A semana foi dura para o Nordeste, e sua população, como resposta ao resultado eleitoral de domingo passado, que apontou, na disputa de primeiro turno pela presidência da República, uma maioria expressiva de Luiz Inácio Lula da Silva (PT) sobre Jair Bolsonaro (PL), superior a 12 milhões de votos apenas na região. Explodiram manifestações e ações de cunho xenófobo, agressivos, de embrulhar o estômago algumas delas, mas focaremos naquela que parece ser a mais inaceitável de todas: a do presidente da República.
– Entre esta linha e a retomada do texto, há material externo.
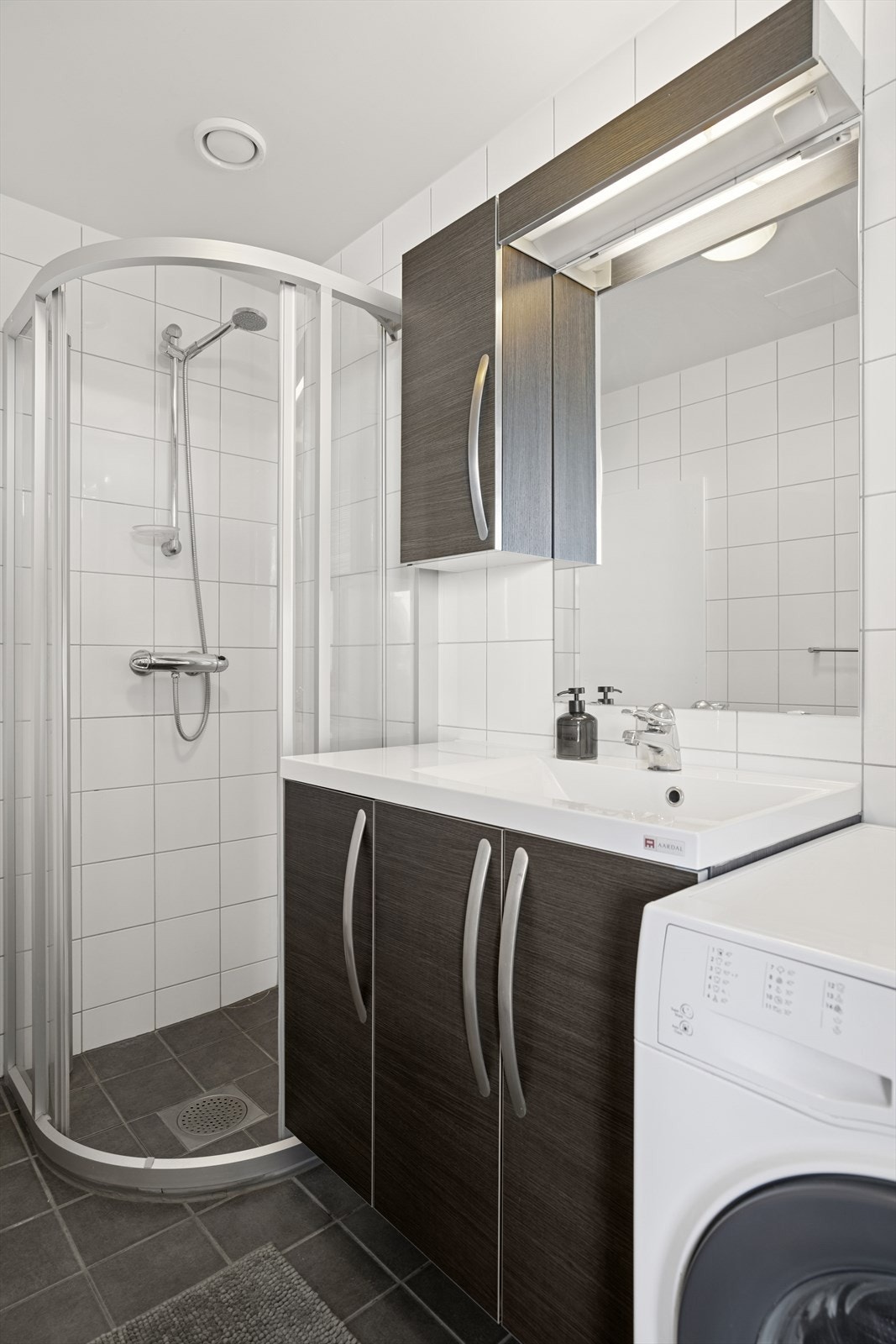 Videre er det et dusjhjørne og vegghengt toalett. Galleribilde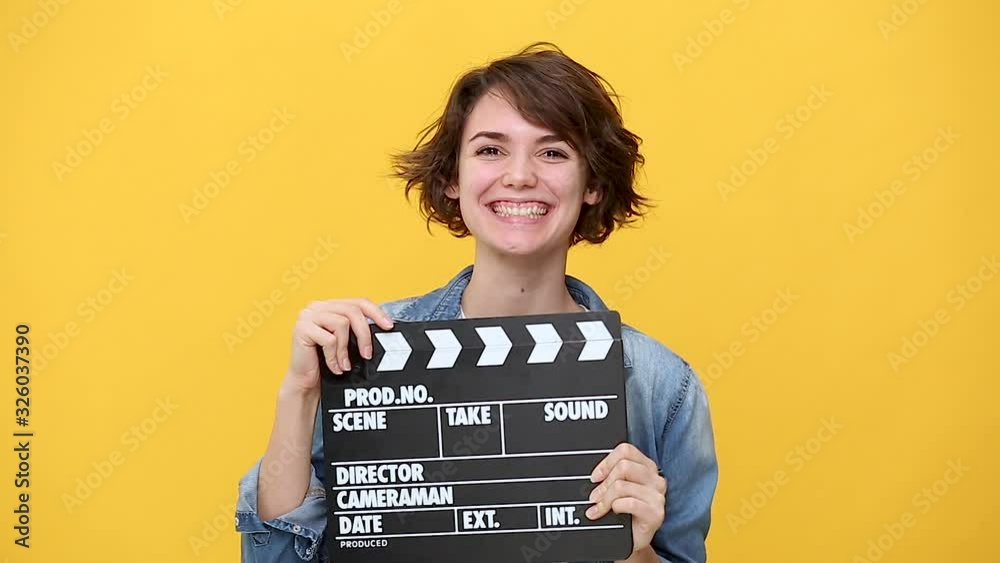 Smiling young woman in denim jacket white t-shirt posing isolated on yellow background in studio. People sincere emotions lifestyle concept. Look at camera hold classic black film making clapperboard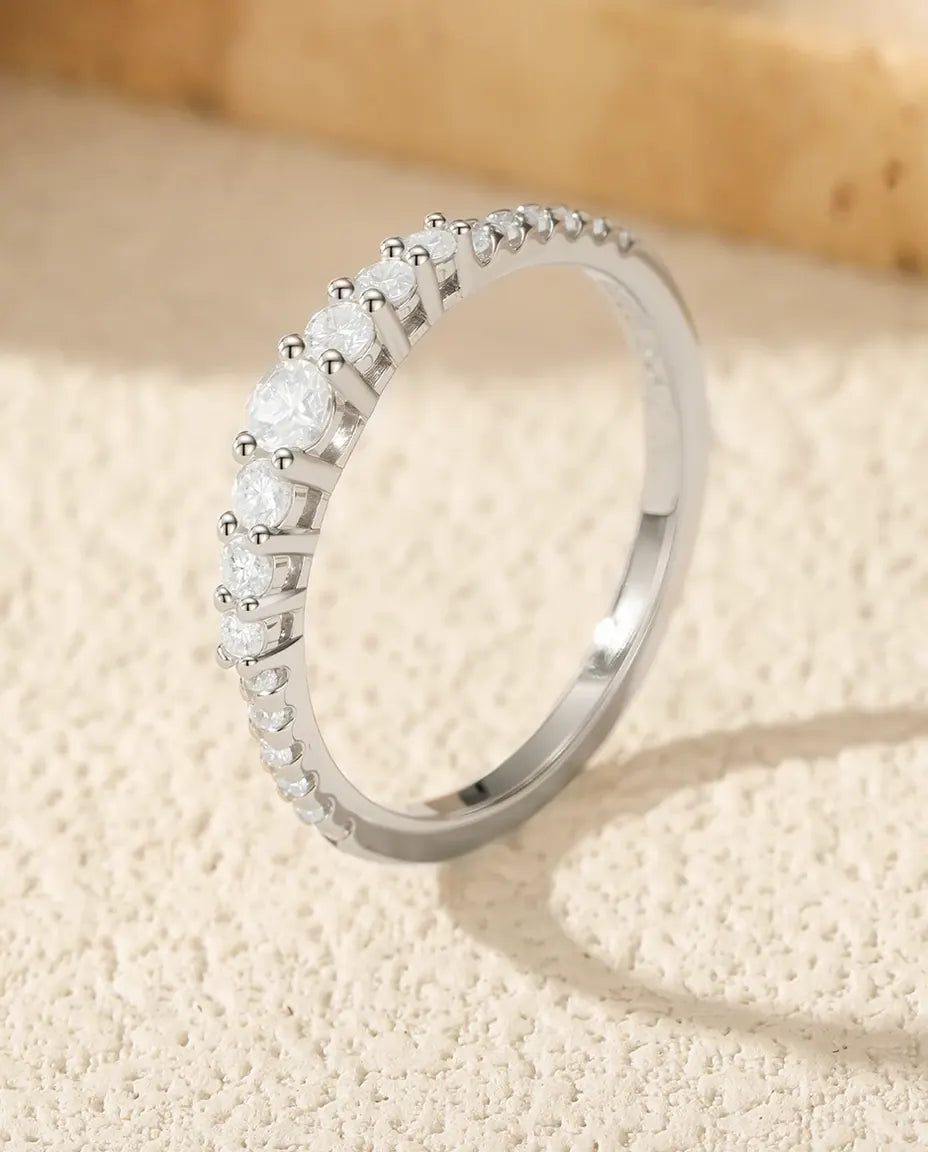 Graduated moissanite wedding band in 925 sterling silver with 19 round D color stones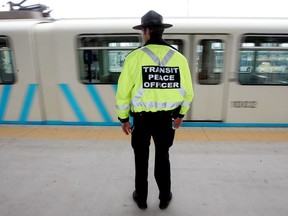 A transit peace officer watches an LRT train pull out of the Century Park South LRT station. City peace officers could be called on to help enforce new provincial COVID-19 restrictions.
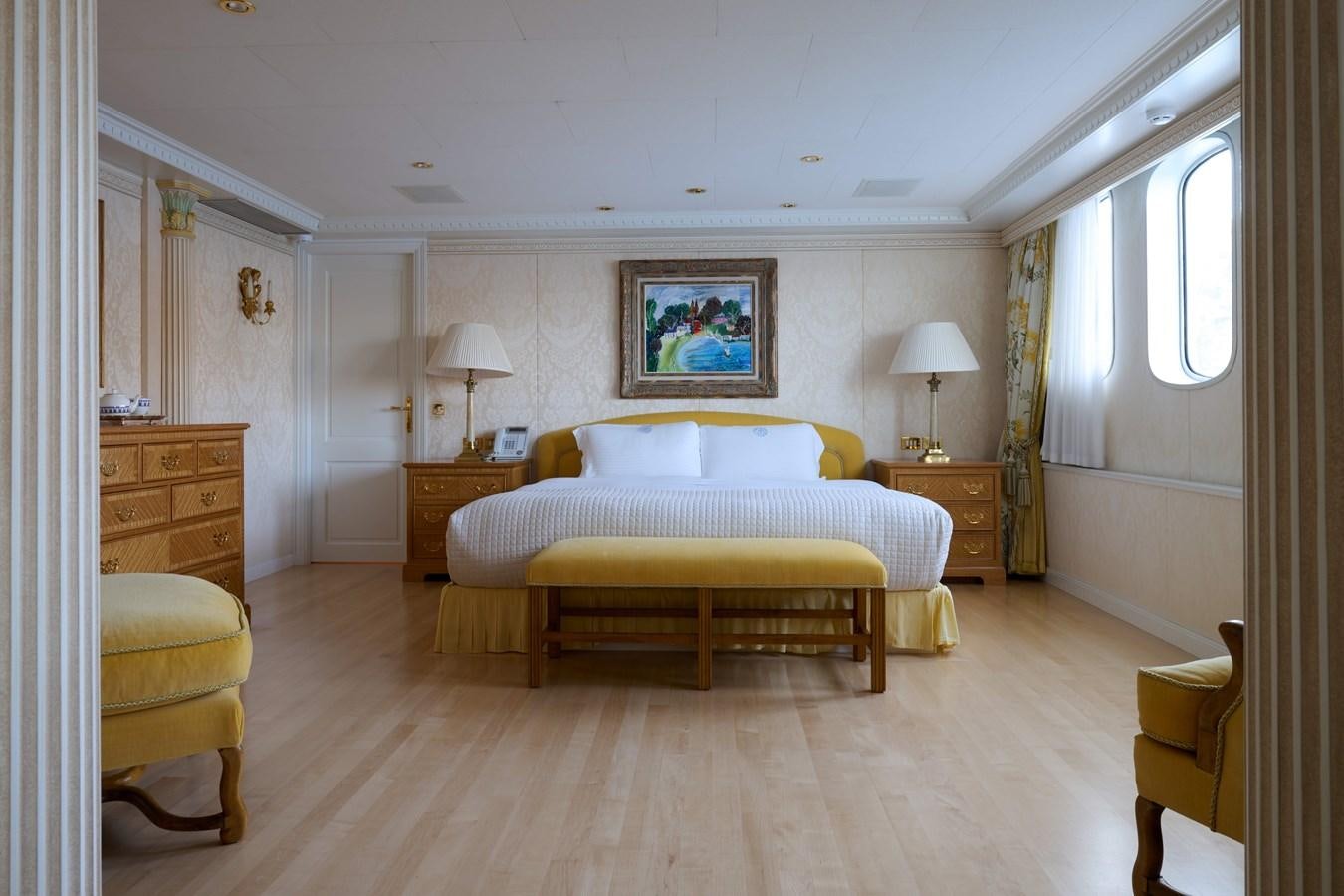 a bedroom with a bed and a lamp aboard LADY BEATRICE Yacht for Sale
Alguém que comanda um País e que na própria marca de gestão anuncia um "Brasil acima de tudo" não pode, agindo com o fígado, interpretar uma situação qualquer que lhe desfavoreça como resultado de uma decisão de "analfabetos" e "sem cultura". Jair Bolsonaro já tem idade e tempo de política suficiente para entender que nem tudo na vida se consegue explicar a partir dessa dicotomia entre esquerda e direita, falsa em vários aspectos e ainda mais num ambiente de ideologias tão frágeis.
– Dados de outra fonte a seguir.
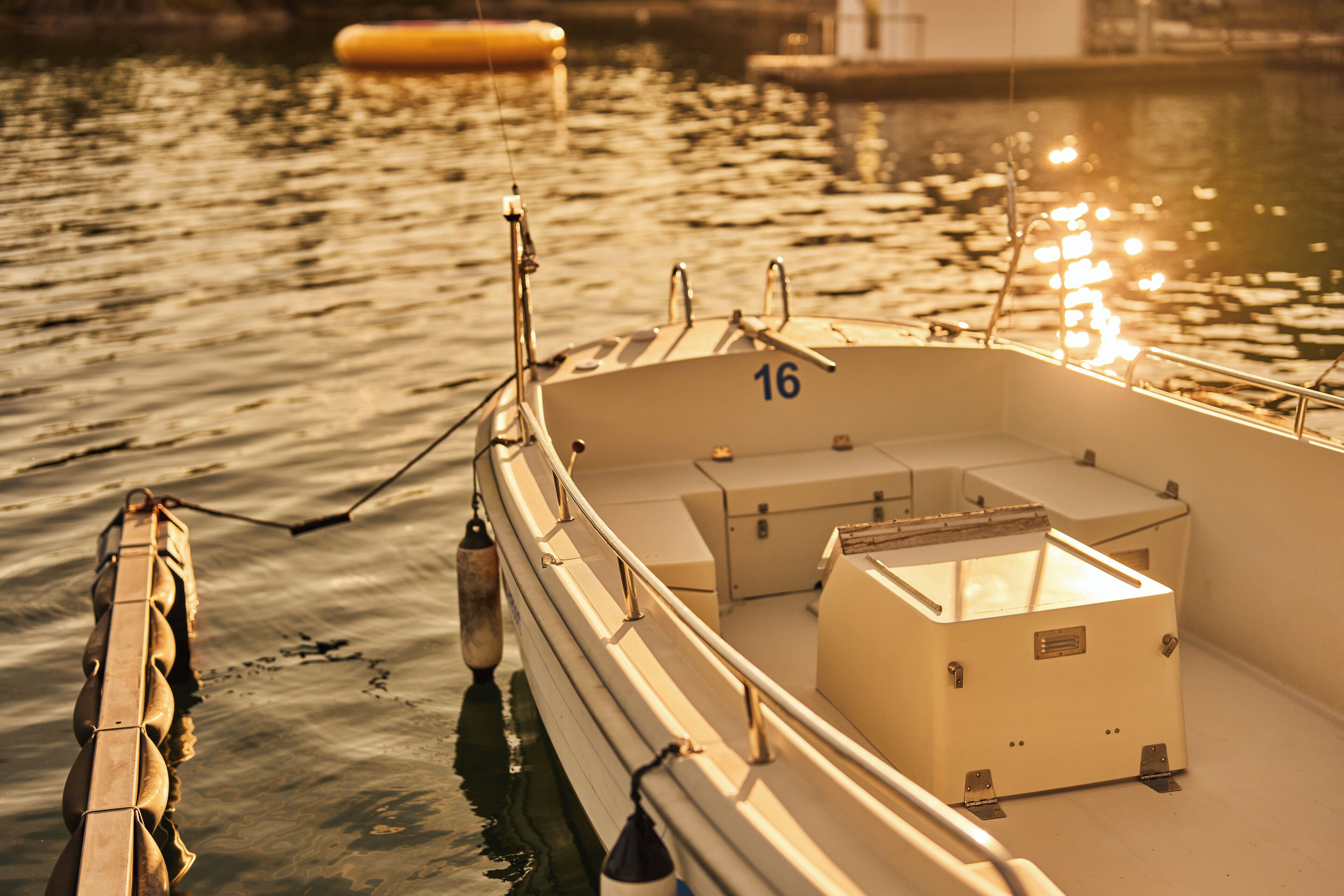 A boat with the number 16, moored at a dock with calm water and a buoy in the background.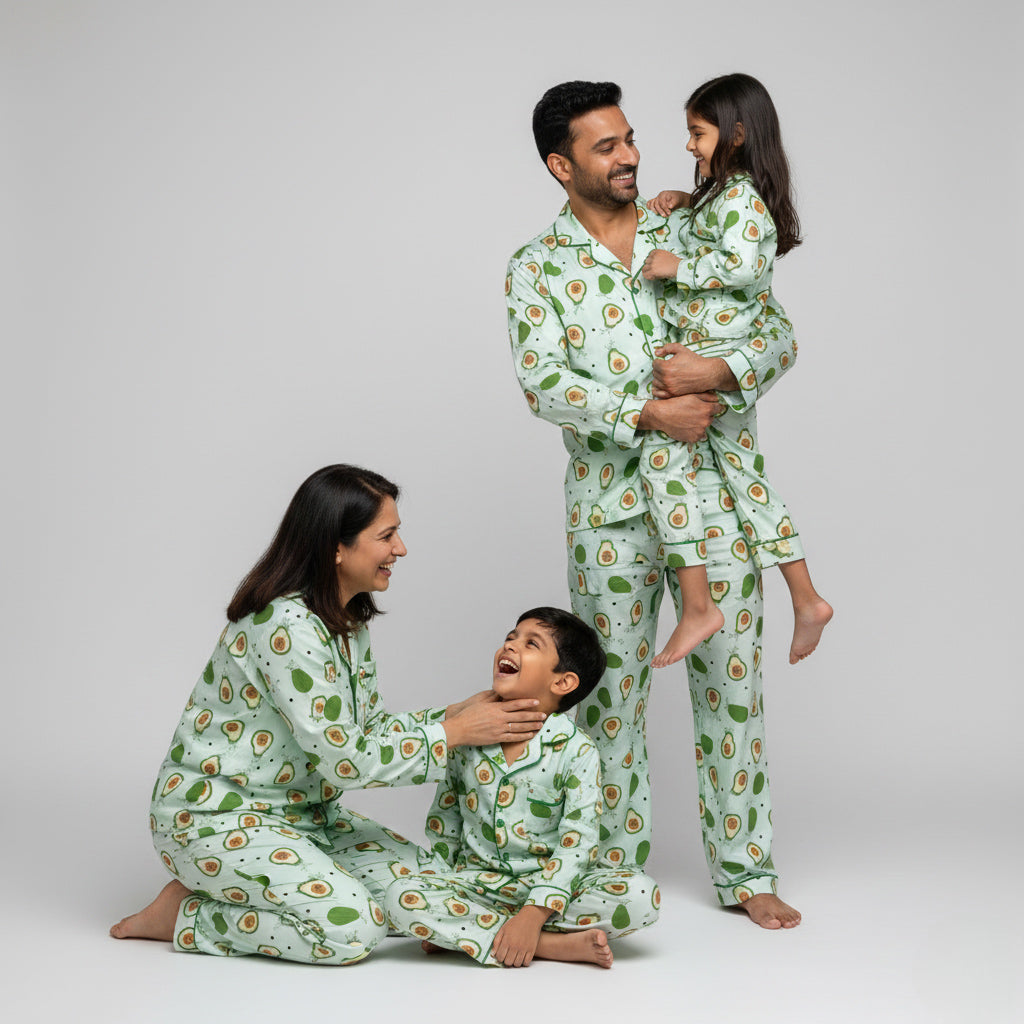 Family wearing avocado print matching pajamas, fun green coordinated outfits.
Sua tese de que perdeu para Lula devido à ignorância que grassa no Nordeste, verbalizada numa das lives que mandou às redes sociais na semana na qual tentou fazer uma análise dos números eleitorais, não resiste à pesquisa mais rasa. A começar pelo fato de não ser uma região onde a tal esquerda controla desde sempre e que por isso deve responder pelos problemas seculares reais que apresenta em termos de pobreza e desigualdade social.
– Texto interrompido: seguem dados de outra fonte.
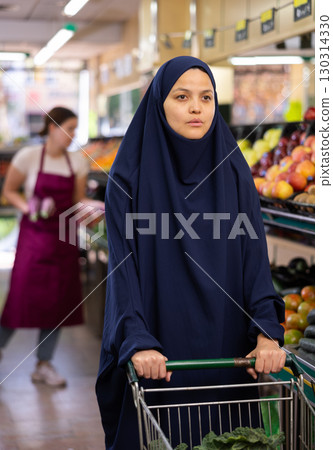 Portrait of young woman shopper in hijab in supermarket 130314330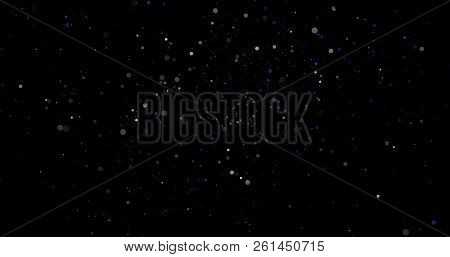 Flying Dust Particles On A Black Background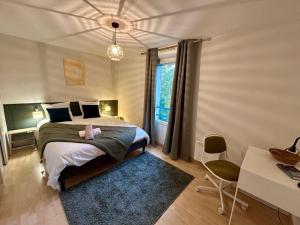 Postel nebo postele na pokoji v ubytování Le Patis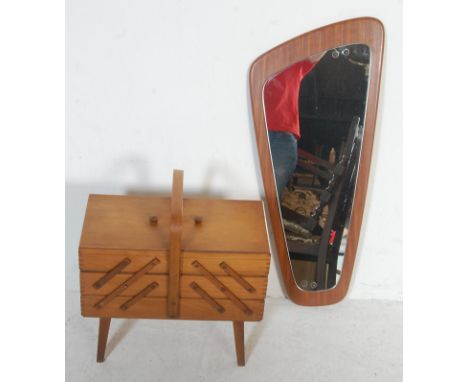 A retro vintage late 20th century teak wood mirror of tapering form together with a retro vintage teak cantilever sewing box 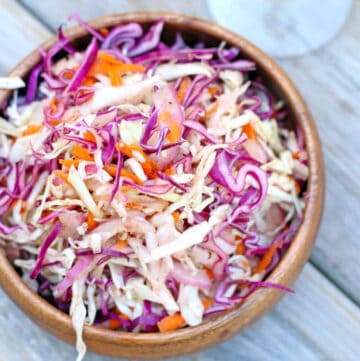 mayo free coleslaw in a brown bowl on a wooden table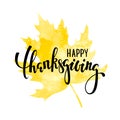 Happy thanksgiving on yellow watercolor maple leaf. Hand drawn calligraphy and brush pen lettering. design for holiday greeting ca Royalty Free Stock Photo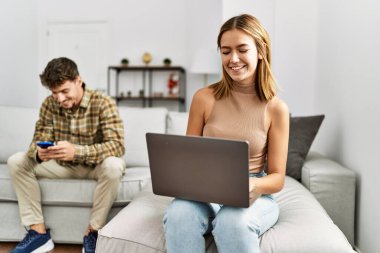 Genç İspanyol çift dizüstü bilgisayar ve akıllı telefon kullanarak mutlu bir şekilde gülümsüyor. Evdeki kanepede oturuyor..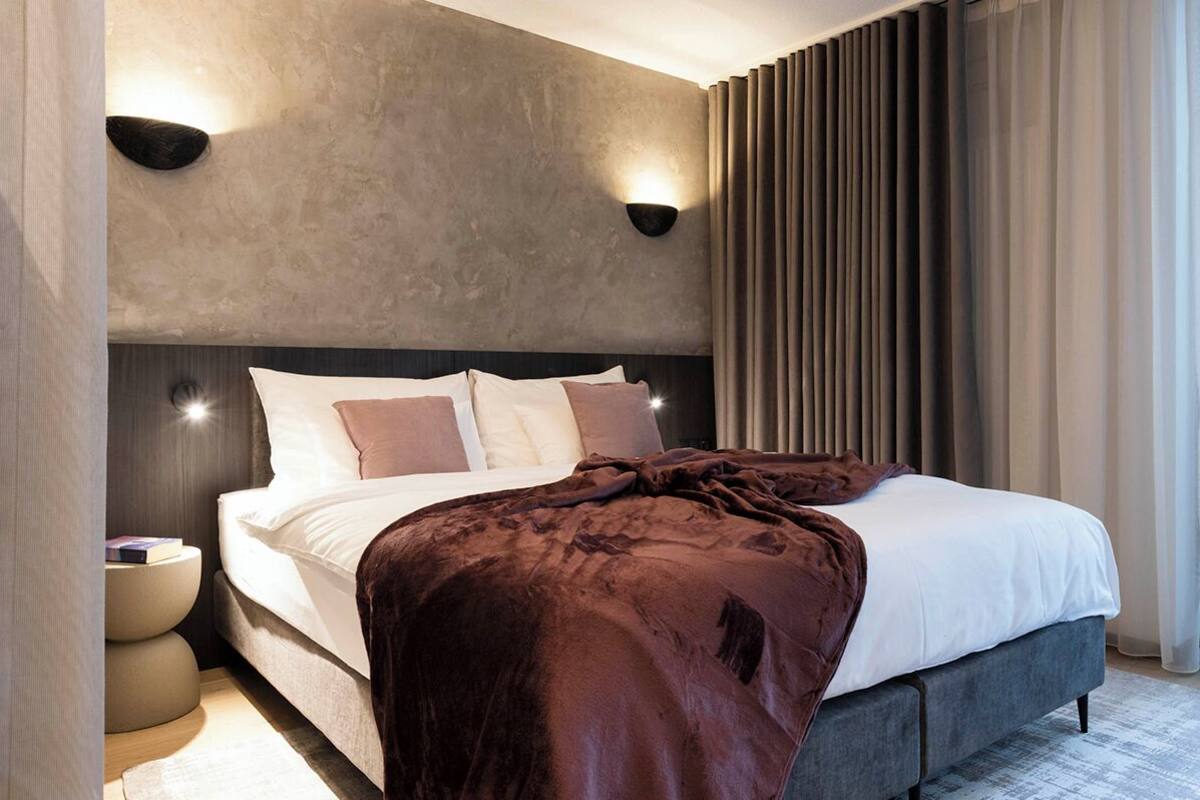 Un dormitorio moderno con una cama grande, dos lámparas de pared y un ventanal con cortinas.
Ao contrário, mergulhando-se mais fundo o registro histórico predominante é de um comando político de caráter conservador, calcado num coronelismo que nada tinha, ou tem, de progressista. De um tipo de método político muito mais alinhado à direita, querendo-se posicioná-lo num dos campos limitadores tão úteis à forma escolhida para justificar uma performance ruim.
Sim, é verdade que ainda temos muitos analfabetos entre nós. Sim, a ignorância segue sendo um entrave ao desenvolvimento regional porque impõe limites intransponíveis para alcançarmos o ritmo que seria adequado diante dos atrasos acumulados que exigem do Nordeste, hoje, um crescimento mais acelerado do que aquele que experimentam outros pontos territoriais do País e do mundo. Errado, de fato, é desconsiderar que há fundamentos estruturais no problema e tentar justificá-lo como resultado isolado do que aconteceu nos últimos 20 anos, vinculando-o a uma realidade recente da chegada ao poder de governos de linhas mais diferenciadas (ou de esquerda, dê-se o nome que quiser).
O quadro é muito mais complexo e Jair Bolsonaro, seja o presidente ou o candidato, está obrigado a entendê-lo nessa perspectiva. Do contrário, consolida-se como alguém inadequado para liderar um projeto político que tenha entre suas prioridades necessárias agir no sentido de transformar um cenário econômico e social que, todos concordamos, precisa mesmo ser melhorado.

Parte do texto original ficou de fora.